So I and other members across the faculties and services say: Out with the good movies, in with the good science we can actually build on — OPEN science.

Sharing all research that is properly conducted is feasible and will increase validity of results. Moreover, it will lead to less research waste. We as a university could become the first university to share all our research output. All based on a realistic notion of a researcher: do not evaluate results based on whether they are easy to process, confirm your expectations, and whether they provide a good story — evaluate them on their methods.

But please please members of our university, do not expect this change open science to come easily or by magically installing a few policies!

It requires a cultural shift that branches out into the departments and even the individual researchers’ offices. Policies don’t necessarily result in behavior change.

And as a researcher, I want to empirically demonstrate that policy doesn’t necessarily result in behavioral change.

Here is my Open Access audit for this university. Even though policies have been instated by the university board, progress is absent and we are actually doing worse at making our knowledge available to society than in 2012. This way we will not reach ANY of our Open Access goals we have set out.

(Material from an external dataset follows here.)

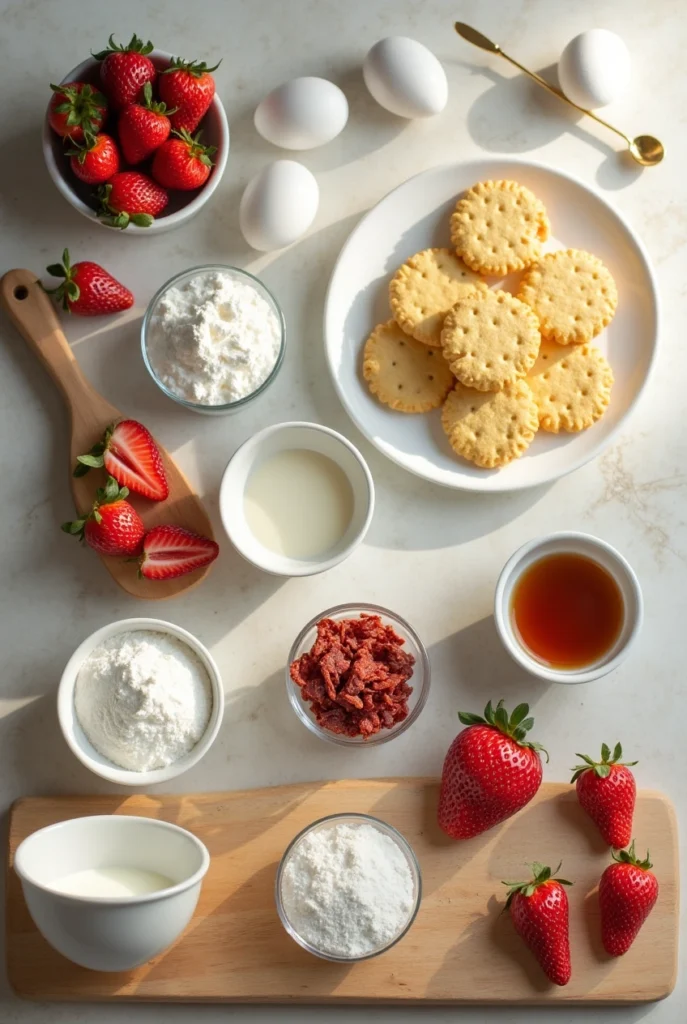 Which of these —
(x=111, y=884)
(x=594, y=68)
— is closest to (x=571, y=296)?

Open Access audit Tilburg University; data and code: https://github.com/libscie/access-audit

Open Access audit Tilburg University; data and code: https://github.com/libscie/access-audit

In sum, let us advance science by making it open, which in turn will help us advance society. I will keep fighting for more open science. Anyone present, student or staff, I encourage you to do so as well. I am here to help.

Open science is out of the box, and it won’t go back in. The question is, what are we as a university going to do with that knowledge?